### Given information
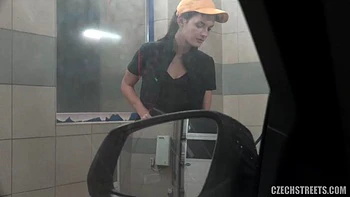 Even having seen her in other porn films But this time, she is really natural.: Porn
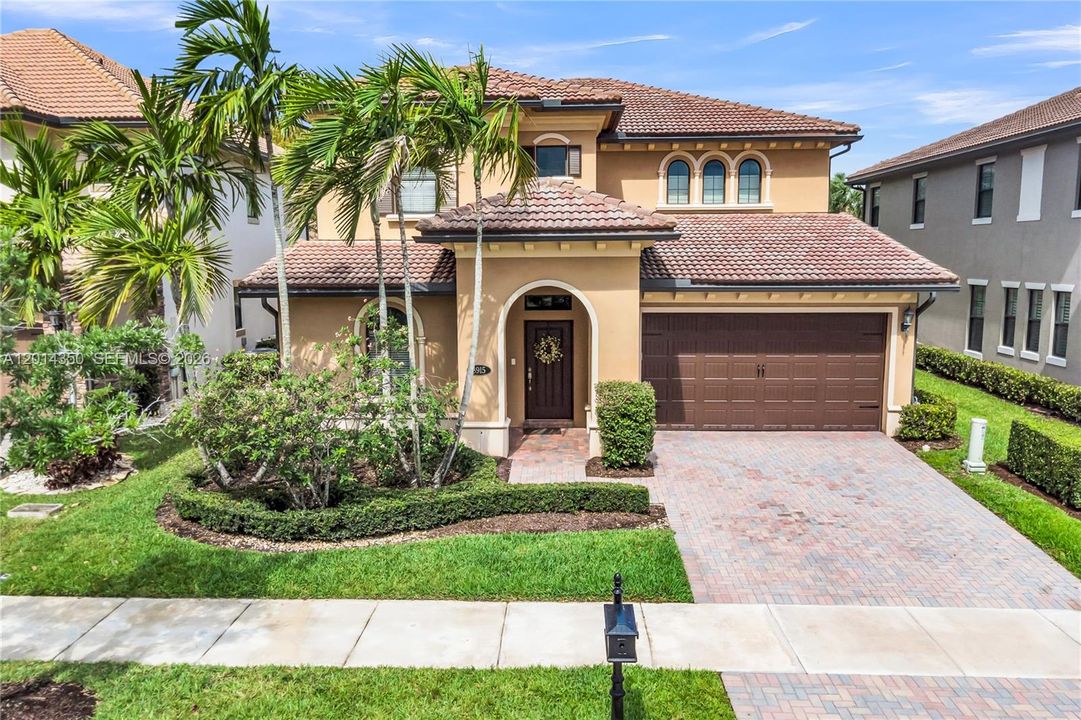 For Sale: $1,100,000 (5 beds, 4 baths, 3251 Square Feet)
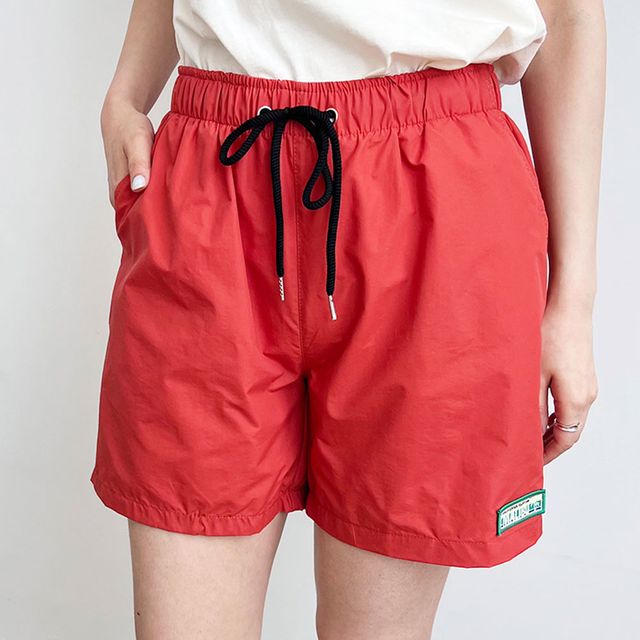 여자 비치 반바지 로고 패치 허리밴딩 바캉스 휴양지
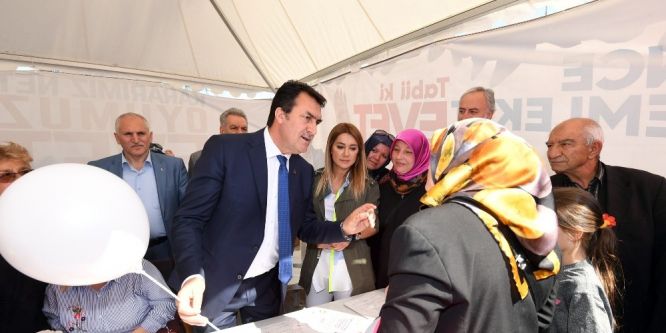 “Evet” çadırını ziyaret eden Dündar referandumu anlattı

### Work task
Print only the lines running from the one containing "For Sale: $1,100,000" to the end of the data above, exactly; include no pictures.

### Output for this task
 For Sale: $1,100,000 (5 beds, 4 baths, 3251 Square Feet)
 여자 비치 반바지 로고 패치 허리밴딩 바캉스 휴양지
 “Evet” çadırını ziyaret eden Dündar referandumu anlattı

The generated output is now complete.